Thaddeus, seeing that Bessie was very much upset by the condition of affairs, had said little about it since Thanksgiving Day, when he had said about as much as the subject warranted after a six-course dinner had been hurried through in one hour, two courses having been omitted that Bridget might catch the train leaving for New York at 3.10. Nor would he have said anything further than the final words of dismissal had he not come home late one afternoon to dress for a dinner at his club, when he discovered that, owing to the usual causes, the week’s wash, which the combined efforts of cook and waitress should have finished that day, was delayed twenty-four hours, the consequence being that Thaddeus had to telephone to the haberdashery for a dress-shirt and collar.
“It’s bad enough having one’s wife buy these things for one, but when it comes to having a salesman sell you over a telephone the style of shirt and collar ‘he always wears himself,’ it is maddening,” began Thaddeus, and then he went on at such an outrageous rate that Bessie became hysterical, and Thaddeus’s conscience would not permit of his going out at all that night, and that was the beginning of the end.
“I’ll fix ’em at Christmas-time,” said Thaddeus.
“You won’t forget them at Christmas, I hope, Thad,” said Bessie, whose forgiving nature would not hear of anything so ungenerous as forgetting the servants during the holidays.
“No,” laughed Thaddeus. “I won’t forget ’em. I’ll give ’em all the very things they like best.”
“Oh, I see,” smiled Bessie. “On the coals-of-fire principle. Well, I shouldn’t wonder but it would work admirably. Perhaps they’ll be so ashamed they’ll do better.”
“Perhaps—if the coals do not burn too deep,” said Thaddeus, with a significant smile.

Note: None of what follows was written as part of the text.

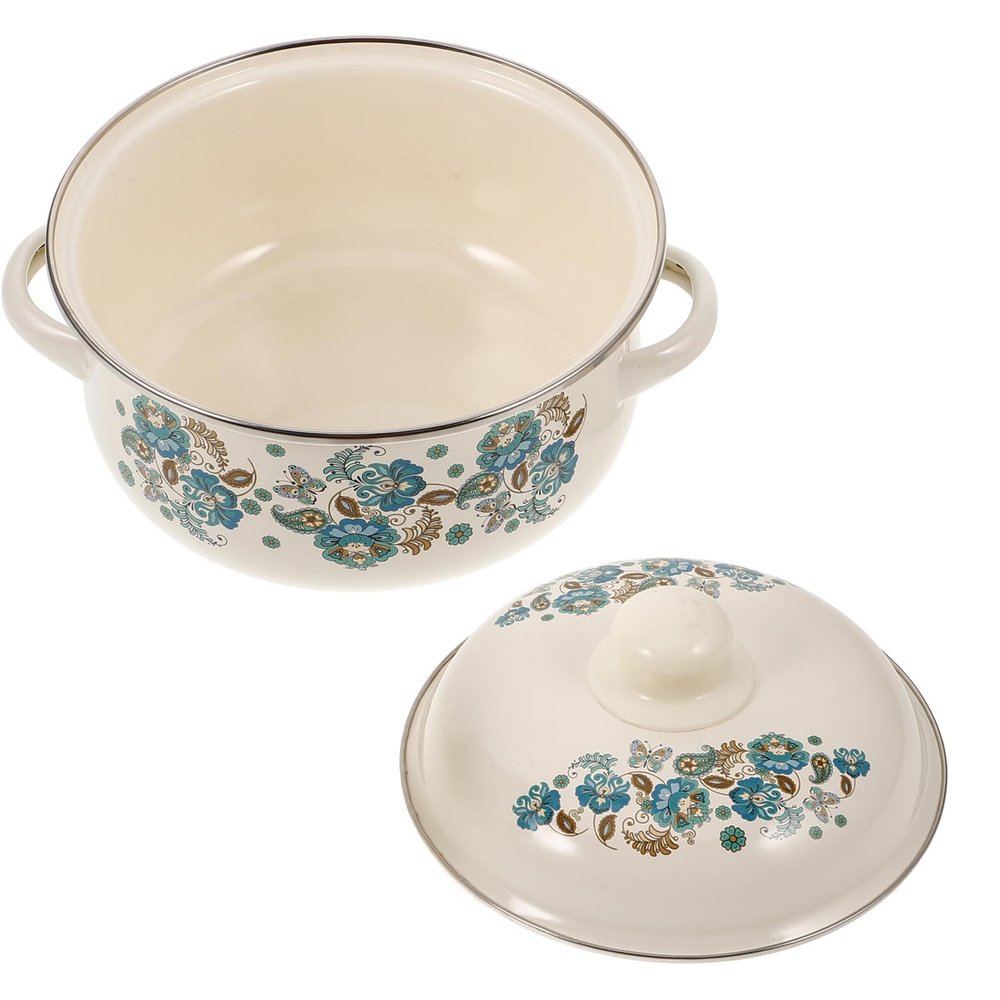 Enamel Pot with Two Handles and Flat Bottom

Christmas Eve arrived, and little Thad’s tree was dressed, the gifts were arranged beneath it, and all seemed in readiness for the dawning of the festal day, when Bessie, taking a mental inventory of the packages and discovering nothing among them for the servants save her own usual contribution of a dress and a pair of gloves for each, turned and said to Thaddeus:
“Where are the hot coals?”
“The what?” asked Thaddeus.
“The coals of fire for the girls and John.”

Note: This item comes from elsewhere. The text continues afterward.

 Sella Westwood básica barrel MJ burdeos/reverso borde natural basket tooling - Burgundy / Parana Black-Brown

“Oh!” Thaddeus replied, “I have ’em in the library. I don’t think they’ll go well with the tree.”
“What are they?” queried Bess, with a natural show of curiosity. “Checks?”
“Yes, partly,” said Thaddeus. “Mary is to have a check for $16, Bridget one for $18, and John one for $40.”
“Why, Thaddeus, that’s extravagant. Now, my dear, there’s no use of your doing anything of that—”
“Wait and see,” said Thaddeus.
“But, Teddy!” Bessie remonstrated. “Those are the amounts of their wages. You will spoil them, and if I—”
“As I said before, wait, Bess, wait!” said Thaddeus, calmly. “You’ll understand the whole scheme to-morrow, after breakfast.”
And she did, and when she did she almost wished for a moment that she didn’t, for after breakfast Thaddeus summoned the three offenders into his presence, and the effect was not altogether free from painful features to the forgiving Bess.
“Bridget,” Thaddeus said, “do you remember what Mrs. Perkins gave you last Christmas?”
“I do not!” replied Bridget, rather uncompromisingly; for it was a matter of history that she thought Mrs. Perkins on the last Christmas festival had shown signs of parsimony in giving her a calico gown instead of one of silk.